**Assignment**
Keeping every word in place, write out the entries that come next.

**Information provided**
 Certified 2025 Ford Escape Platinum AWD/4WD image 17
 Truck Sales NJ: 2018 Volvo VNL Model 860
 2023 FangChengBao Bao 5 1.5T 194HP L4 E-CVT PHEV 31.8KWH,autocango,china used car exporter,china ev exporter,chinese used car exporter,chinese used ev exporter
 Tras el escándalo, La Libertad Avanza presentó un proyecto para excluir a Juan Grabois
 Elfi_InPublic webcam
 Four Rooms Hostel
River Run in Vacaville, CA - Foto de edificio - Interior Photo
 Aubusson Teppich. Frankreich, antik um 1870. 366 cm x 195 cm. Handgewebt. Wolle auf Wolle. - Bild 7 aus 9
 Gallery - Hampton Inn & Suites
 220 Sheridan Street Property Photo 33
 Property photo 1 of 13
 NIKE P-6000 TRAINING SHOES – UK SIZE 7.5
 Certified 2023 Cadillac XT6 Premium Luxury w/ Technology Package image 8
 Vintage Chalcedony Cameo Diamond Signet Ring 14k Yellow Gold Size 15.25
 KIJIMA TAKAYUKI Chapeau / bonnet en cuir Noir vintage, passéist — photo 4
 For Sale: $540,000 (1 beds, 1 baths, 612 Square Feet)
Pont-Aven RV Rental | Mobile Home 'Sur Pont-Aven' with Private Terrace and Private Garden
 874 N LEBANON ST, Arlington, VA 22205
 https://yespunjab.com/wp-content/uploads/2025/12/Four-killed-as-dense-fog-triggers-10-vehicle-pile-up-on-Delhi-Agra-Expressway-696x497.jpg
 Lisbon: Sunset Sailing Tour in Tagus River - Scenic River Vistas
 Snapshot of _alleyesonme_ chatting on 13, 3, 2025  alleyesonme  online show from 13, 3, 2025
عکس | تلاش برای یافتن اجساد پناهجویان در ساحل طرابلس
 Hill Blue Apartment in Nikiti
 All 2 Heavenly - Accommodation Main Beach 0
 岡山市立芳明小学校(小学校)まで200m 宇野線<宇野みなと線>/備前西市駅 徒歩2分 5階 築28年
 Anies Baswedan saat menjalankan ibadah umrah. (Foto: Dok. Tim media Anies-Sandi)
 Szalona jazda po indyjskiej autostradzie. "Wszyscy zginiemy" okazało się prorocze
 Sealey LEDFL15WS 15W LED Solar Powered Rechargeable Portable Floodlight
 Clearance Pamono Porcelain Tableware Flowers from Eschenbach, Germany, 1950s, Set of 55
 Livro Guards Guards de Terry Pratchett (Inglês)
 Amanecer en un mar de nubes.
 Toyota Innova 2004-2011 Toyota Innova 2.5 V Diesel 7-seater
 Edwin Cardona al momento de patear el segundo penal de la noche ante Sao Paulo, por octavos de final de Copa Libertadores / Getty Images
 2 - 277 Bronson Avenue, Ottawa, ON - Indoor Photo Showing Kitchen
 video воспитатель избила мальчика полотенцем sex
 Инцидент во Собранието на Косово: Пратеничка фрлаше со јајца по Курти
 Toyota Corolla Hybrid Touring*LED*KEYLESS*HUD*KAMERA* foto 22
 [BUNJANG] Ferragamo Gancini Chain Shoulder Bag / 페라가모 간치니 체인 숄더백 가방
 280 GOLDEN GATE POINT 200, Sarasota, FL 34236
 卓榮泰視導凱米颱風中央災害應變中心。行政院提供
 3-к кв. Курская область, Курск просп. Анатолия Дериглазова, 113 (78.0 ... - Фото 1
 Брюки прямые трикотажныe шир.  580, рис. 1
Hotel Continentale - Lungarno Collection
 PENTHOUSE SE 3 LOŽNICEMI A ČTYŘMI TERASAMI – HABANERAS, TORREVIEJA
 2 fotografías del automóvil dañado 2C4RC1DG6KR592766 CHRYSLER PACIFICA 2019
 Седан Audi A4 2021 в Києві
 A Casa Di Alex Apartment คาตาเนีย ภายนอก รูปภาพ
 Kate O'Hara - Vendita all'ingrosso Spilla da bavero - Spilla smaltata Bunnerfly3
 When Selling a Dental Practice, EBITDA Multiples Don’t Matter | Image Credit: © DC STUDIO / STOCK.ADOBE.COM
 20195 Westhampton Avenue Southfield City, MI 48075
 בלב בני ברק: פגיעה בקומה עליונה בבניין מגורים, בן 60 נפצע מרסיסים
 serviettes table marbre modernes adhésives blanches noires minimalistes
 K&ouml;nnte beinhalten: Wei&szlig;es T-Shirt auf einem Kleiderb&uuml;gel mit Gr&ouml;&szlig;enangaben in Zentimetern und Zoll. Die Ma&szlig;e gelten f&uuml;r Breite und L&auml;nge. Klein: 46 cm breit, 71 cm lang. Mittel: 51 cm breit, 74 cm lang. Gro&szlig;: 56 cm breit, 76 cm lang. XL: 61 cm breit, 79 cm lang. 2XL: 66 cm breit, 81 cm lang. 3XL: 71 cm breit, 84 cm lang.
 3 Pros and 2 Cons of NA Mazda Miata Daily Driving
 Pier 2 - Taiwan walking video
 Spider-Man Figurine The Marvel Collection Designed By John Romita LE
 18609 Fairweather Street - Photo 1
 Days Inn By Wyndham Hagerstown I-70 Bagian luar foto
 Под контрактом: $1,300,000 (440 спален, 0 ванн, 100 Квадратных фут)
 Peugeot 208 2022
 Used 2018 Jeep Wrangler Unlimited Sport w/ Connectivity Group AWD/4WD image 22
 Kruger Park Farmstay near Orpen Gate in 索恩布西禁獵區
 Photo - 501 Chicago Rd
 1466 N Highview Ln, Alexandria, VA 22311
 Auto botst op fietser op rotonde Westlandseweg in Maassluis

**Reply to the exercise**
 Certified 2025 Ford Escape Platinum AWD/4WD image 17
 Truck Sales NJ: 2018 Volvo VNL Model 860
 2023 FangChengBao Bao 5 1.5T 194HP L4 E-CVT PHEV 31.8KWH,autocango,china used car exporter,china ev exporter,chinese used car exporter,chinese used ev exporter
 Tras el escándalo, La Libertad Avanza presentó un proyecto para excluir a Juan Grabois
 Elfi_InPublic webcam
 Four Rooms Hostel
River Run in Vacaville, CA - Foto de edificio - Interior Photo
 Aubusson Teppich. Frankreich, antik um 1870. 366 cm x 195 cm. Handgewebt. Wolle auf Wolle. - Bild 7 aus 9
 Gallery - Hampton Inn & Suites
 220 Sheridan Street Property Photo 33
 Property photo 1 of 13
 NIKE P-6000 TRAINING SHOES – UK SIZE 7.5
 Certified 2023 Cadillac XT6 Premium Luxury w/ Technology Package image 8
 Vintage Chalcedony Cameo Diamond Signet Ring 14k Yellow Gold Size 15.25
 KIJIMA TAKAYUKI Chapeau / bonnet en cuir Noir vintage, passéist — photo 4
 For Sale: $540,000 (1 beds, 1 baths, 612 Square Feet)
Pont-Aven RV Rental | Mobile Home 'Sur Pont-Aven' with Private Terrace and Private Garden
 874 N LEBANON ST, Arlington, VA 22205
 https://yespunjab.com/wp-content/uploads/2025/12/Four-killed-as-dense-fog-triggers-10-vehicle-pile-up-on-Delhi-Agra-Expressway-696x497.jpg
 Lisbon: Sunset Sailing Tour in Tagus River - Scenic River Vistas
 Snapshot of _alleyesonme_ chatting on 13, 3, 2025  alleyesonme  online show from 13, 3, 2025
عکس | تلاش برای یافتن اجساد پناهجویان در ساحل طرابلس
 Hill Blue Apartment in Nikiti
 All 2 Heavenly - Accommodation Main Beach 0
 岡山市立芳明小学校(小学校)まで200m 宇野線<宇野みなと線>/備前西市駅 徒歩2分 5階 築28年
 Anies Baswedan saat menjalankan ibadah umrah. (Foto: Dok. Tim media Anies-Sandi)
 Szalona jazda po indyjskiej autostradzie. "Wszyscy zginiemy" okazało się prorocze
 Sealey LEDFL15WS 15W LED Solar Powered Rechargeable Portable Floodlight
 Clearance Pamono Porcelain Tableware Flowers from Eschenbach, Germany, 1950s, Set of 55
 Livro Guards Guards de Terry Pratchett (Inglês)
 Amanecer en un mar de nubes.
 Toyota Innova 2004-2011 Toyota Innova 2.5 V Diesel 7-seater
 Edwin Cardona al momento de patear el segundo penal de la noche ante Sao Paulo, por octavos de final de Copa Libertadores / Getty Images
 2 - 277 Bronson Avenue, Ottawa, ON - Indoor Photo Showing Kitchen
 video воспитатель избила мальчика полотенцем sex
 Инцидент во Собранието на Косово: Пратеничка фрлаше со јајца по Курти
 Toyota Corolla Hybrid Touring*LED*KEYLESS*HUD*KAMERA* foto 22
 [BUNJANG] Ferragamo Gancini Chain Shoulder Bag / 페라가모 간치니 체인 숄더백 가방
 280 GOLDEN GATE POINT 200, Sarasota, FL 34236
 卓榮泰視導凱米颱風中央災害應變中心。行政院提供
 3-к кв. Курская область, Курск просп. Анатолия Дериглазова, 113 (78.0 ... - Фото 1
 Брюки прямые трикотажныe шир.  580, рис. 1
Hotel Continentale - Lungarno Collection
 PENTHOUSE SE 3 LOŽNICEMI A ČTYŘMI TERASAMI – HABANERAS, TORREVIEJA
 2 fotografías del automóvil dañado 2C4RC1DG6KR592766 CHRYSLER PACIFICA 2019
 Седан Audi A4 2021 в Києві
 A Casa Di Alex Apartment คาตาเนีย ภายนอก รูปภาพ
 Kate O'Hara - Vendita all'ingrosso Spilla da bavero - Spilla smaltata Bunnerfly3
 When Selling a Dental Practice, EBITDA Multiples Don’t Matter | Image Credit: © DC STUDIO / STOCK.ADOBE.COM
 20195 Westhampton Avenue Southfield City, MI 48075
 בלב בני ברק: פגיעה בקומה עליונה בבניין מגורים, בן 60 נפצע מרסיסים
 serviettes table marbre modernes adhésives blanches noires minimalistes
 K&ouml;nnte beinhalten: Wei&szlig;es T-Shirt auf einem Kleiderb&uuml;gel mit Gr&ouml;&szlig;enangaben in Zentimetern und Zoll. Die Ma&szlig;e gelten f&uuml;r Breite und L&auml;nge. Klein: 46 cm breit, 71 cm lang. Mittel: 51 cm breit, 74 cm lang. Gro&szlig;: 56 cm breit, 76 cm lang. XL: 61 cm breit, 79 cm lang. 2XL: 66 cm breit, 81 cm lang. 3XL: 71 cm breit, 84 cm lang.
 3 Pros and 2 Cons of NA Mazda Miata Daily Driving
 Pier 2 - Taiwan walking video
 Spider-Man Figurine The Marvel Collection Designed By John Romita LE
 18609 Fairweather Street - Photo 1
 Days Inn By Wyndham Hagerstown I-70 Bagian luar foto
 Под контрактом: $1,300,000 (440 спален, 0 ванн, 100 Квадратных фут)
 Peugeot 208 2022
 Used 2018 Jeep Wrangler Unlimited Sport w/ Connectivity Group AWD/4WD image 22
 Kruger Park Farmstay near Orpen Gate in 索恩布西禁獵區
 Photo - 501 Chicago Rd
 1466 N Highview Ln, Alexandria, VA 22311
 Auto botst op fietser op rotonde Westlandseweg in Maassluis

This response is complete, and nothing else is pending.